**Work request:**
Exactly reproduce the lines from the one containing "BDSM Teddy Bear Keychain" through the last line of the data, both ends included, leaving out pictures.

**Data for review:**

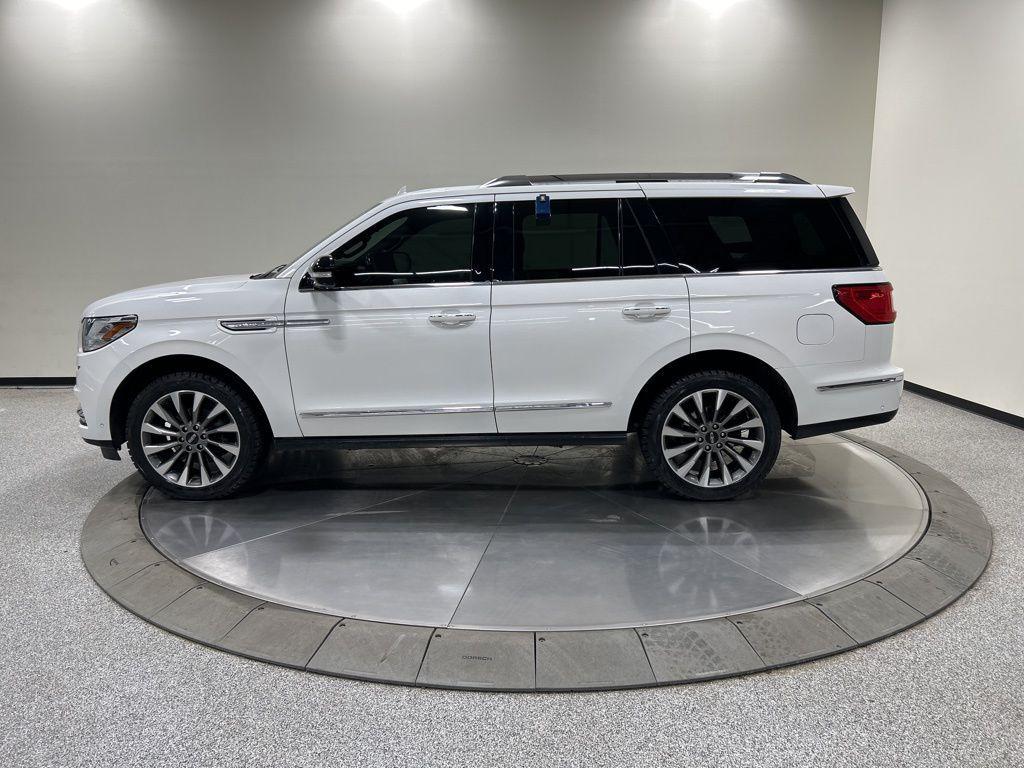used 2021 Lincoln Navigator car, priced at $43,249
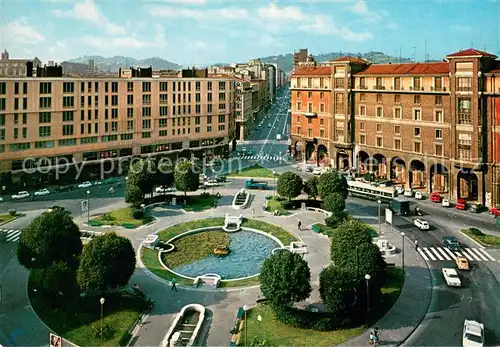 AK / Ansichtskarte Bologna Piazza dei Martiri Via G. Marconi Bologna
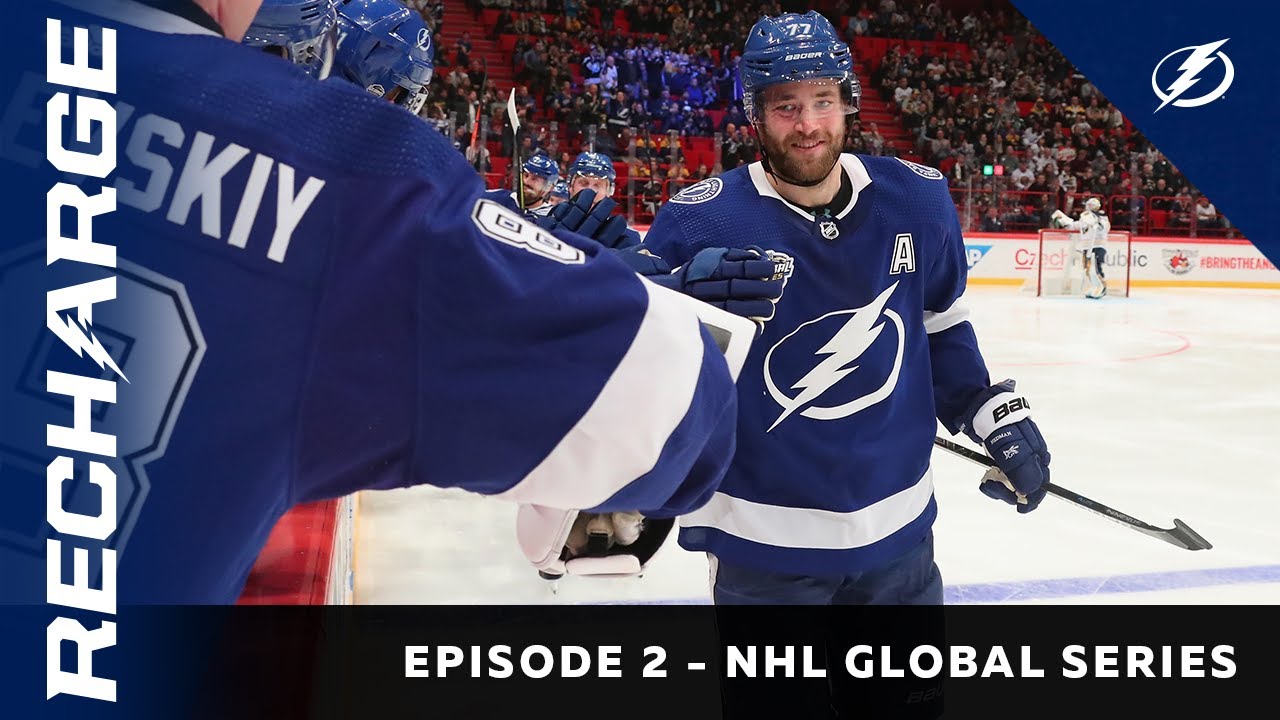 Recharge NHL Global Series YouTube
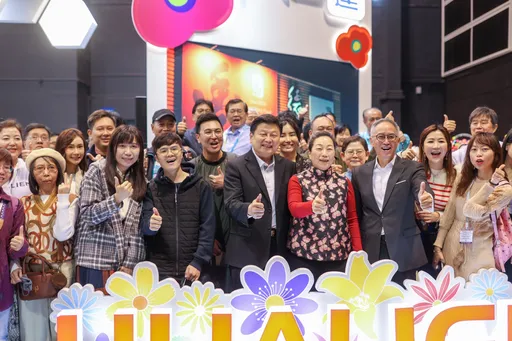 傅崐萁帶團赴港行銷觀光 1女團員涉25年前洗錢案!遭港警關押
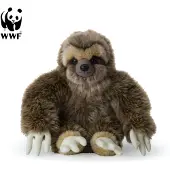 WWF Plüschtier Faultier Sloth Stofftier Kuscheltier Regenwald Tropen 28cm groß
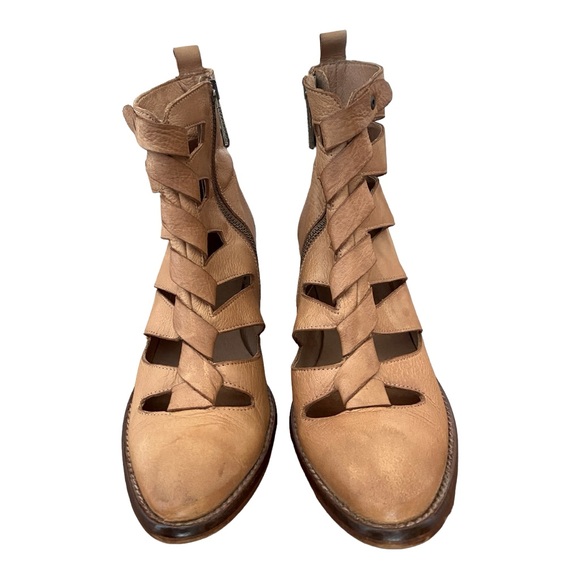 Veracruz Sundance Triga Leather Boots Size US 6.5, EU 37. - Picture 7 of 14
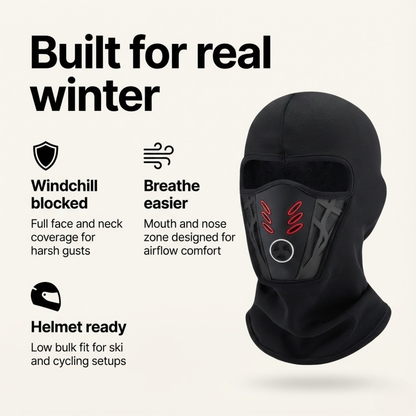 Anti-Haze Balaclava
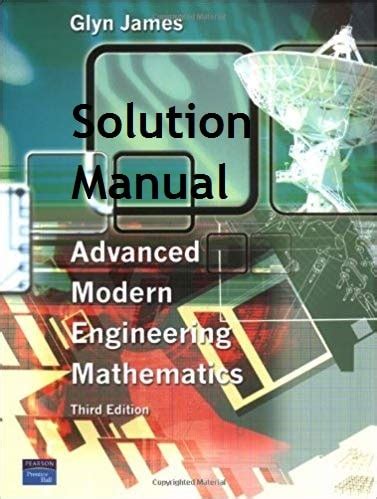 Glyn James Modern Engineering Mathematics 4th Edition Ebook PDF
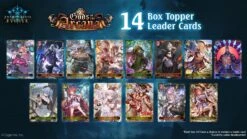 Shadowverse Evolve: Gods Of The Arcana SVEE-BP10 - Booster Box 7 Shadowverse Evolve: Gods Of The Arcana SVEE-BP10 - Booster Box -Gamers Guilds Store gamers guild az shadowverse evolve shadowverse evolve gods of the arcana svee bp10 booster box yy card world 53287684997483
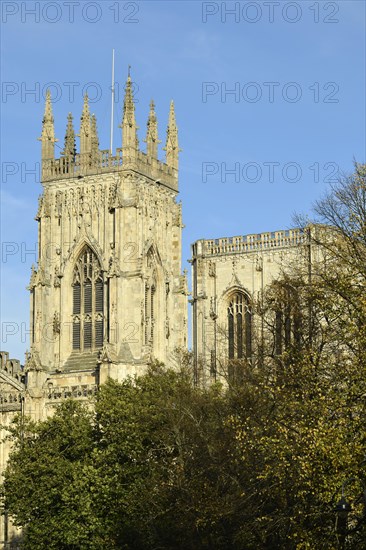 Tower of York Minster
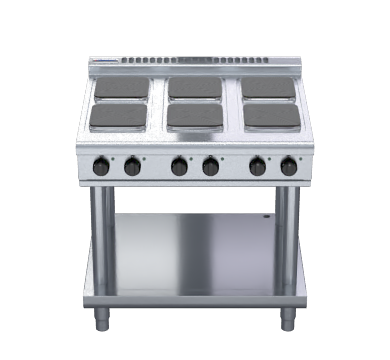 Waldorf 800 Series Rnl8600Se Ls 900Mm Electric Cooktop Sealed Hobs Low Back Version Leg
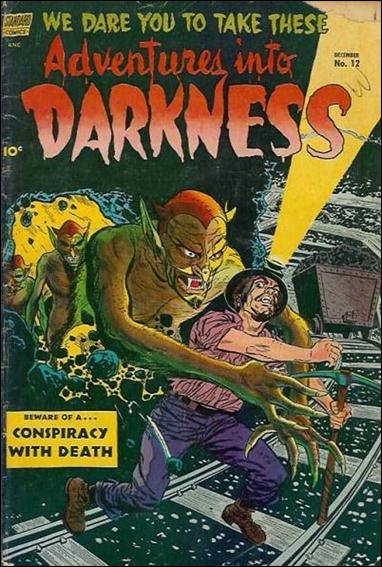 Adventures into Darkness issue 12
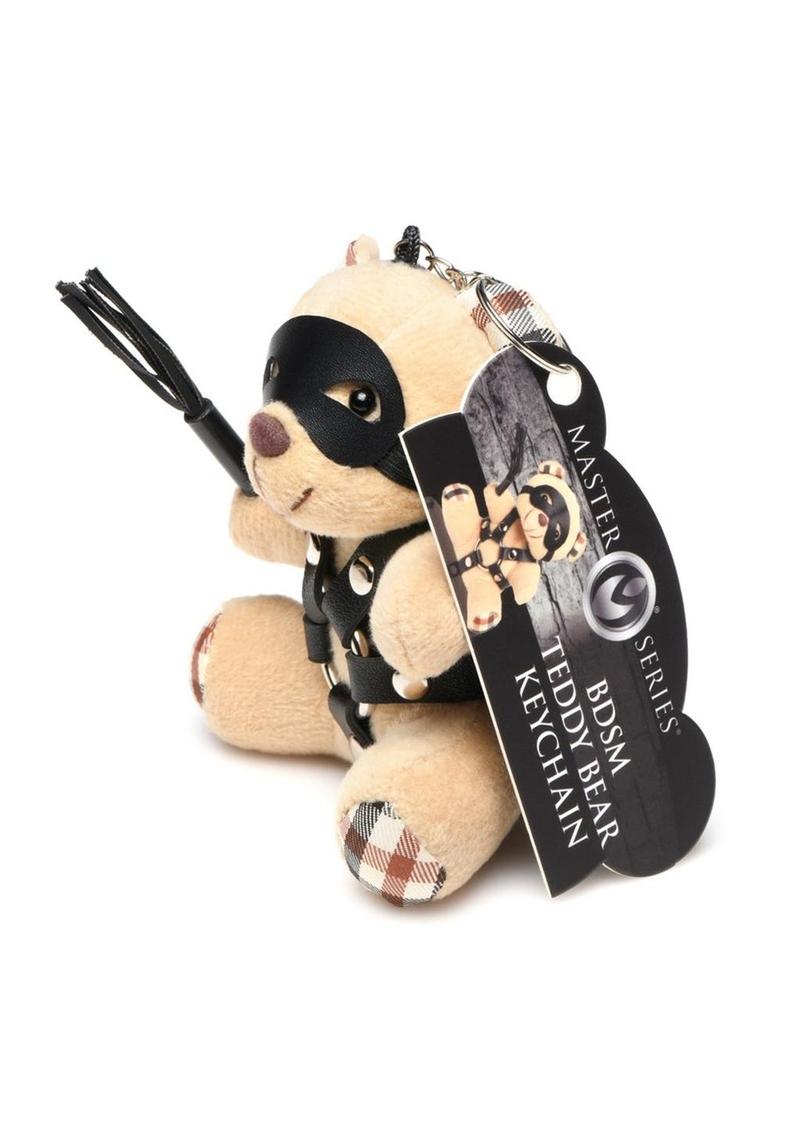 BDSM Teddy Bear Keychain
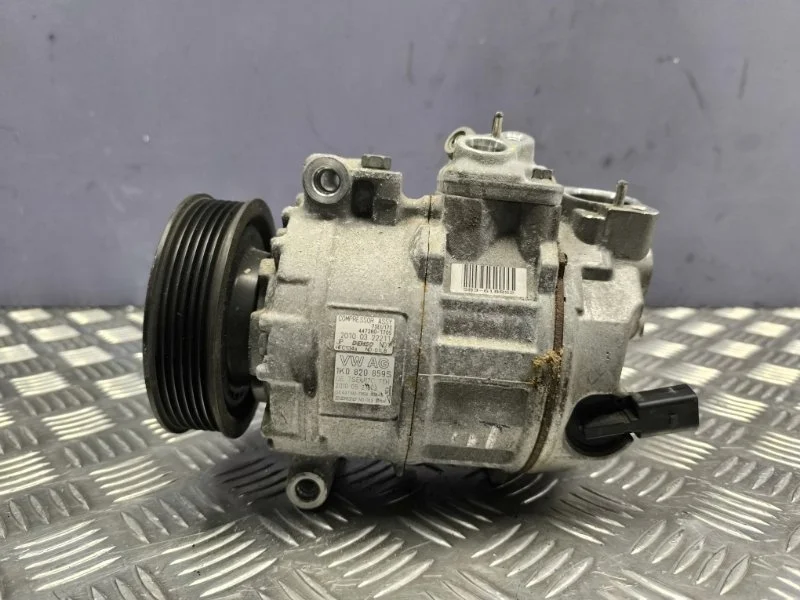 Компрессор кондиционера volkswagen Passat 2010 1K0820859S B6 CDA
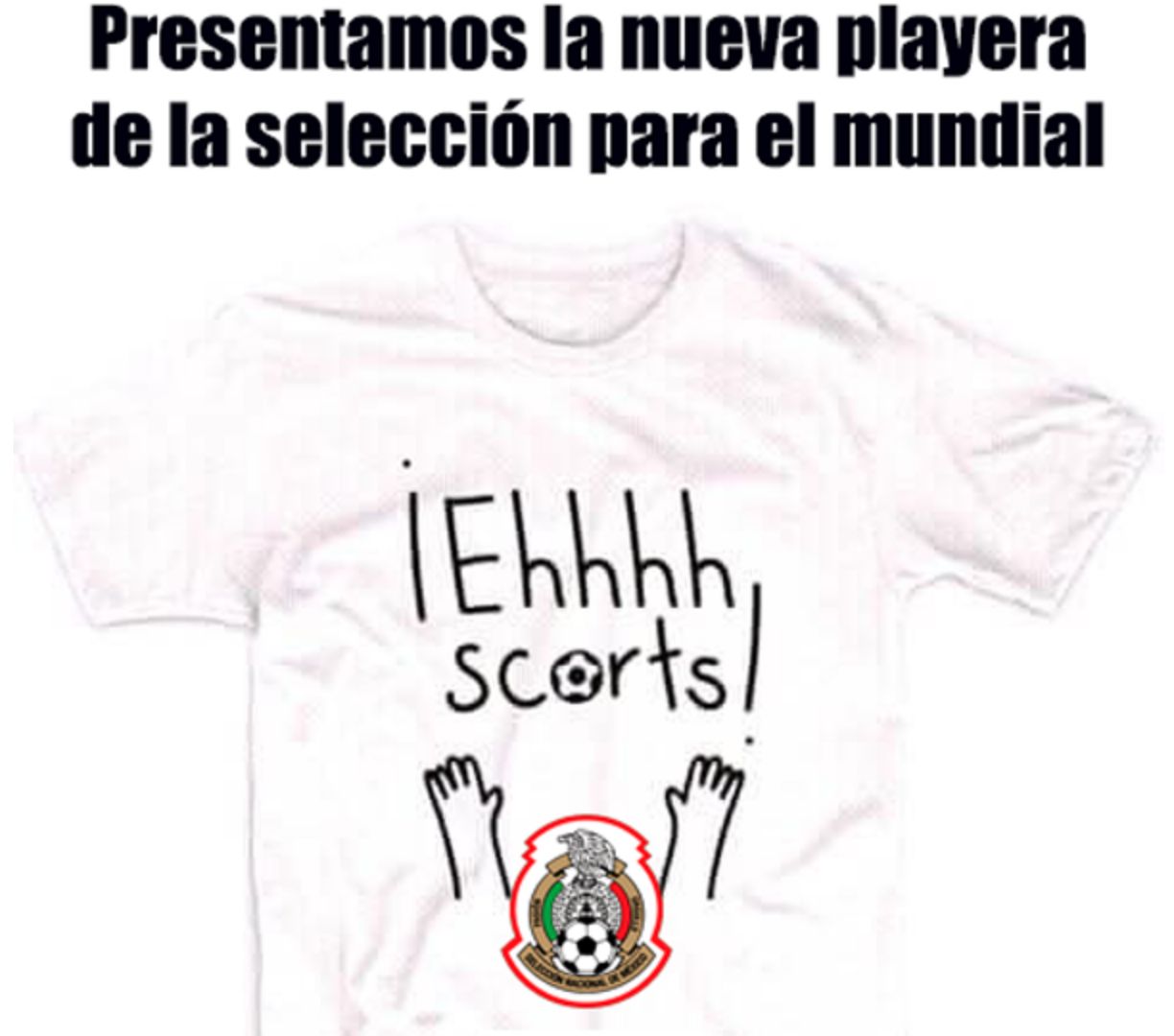 Memes México vs Dinamarca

**Expected answer:**
 BDSM Teddy Bear Keychain
 Компрессор кондиционера volkswagen Passat 2010 1K0820859S B6 CDA
 Memes México vs Dinamarca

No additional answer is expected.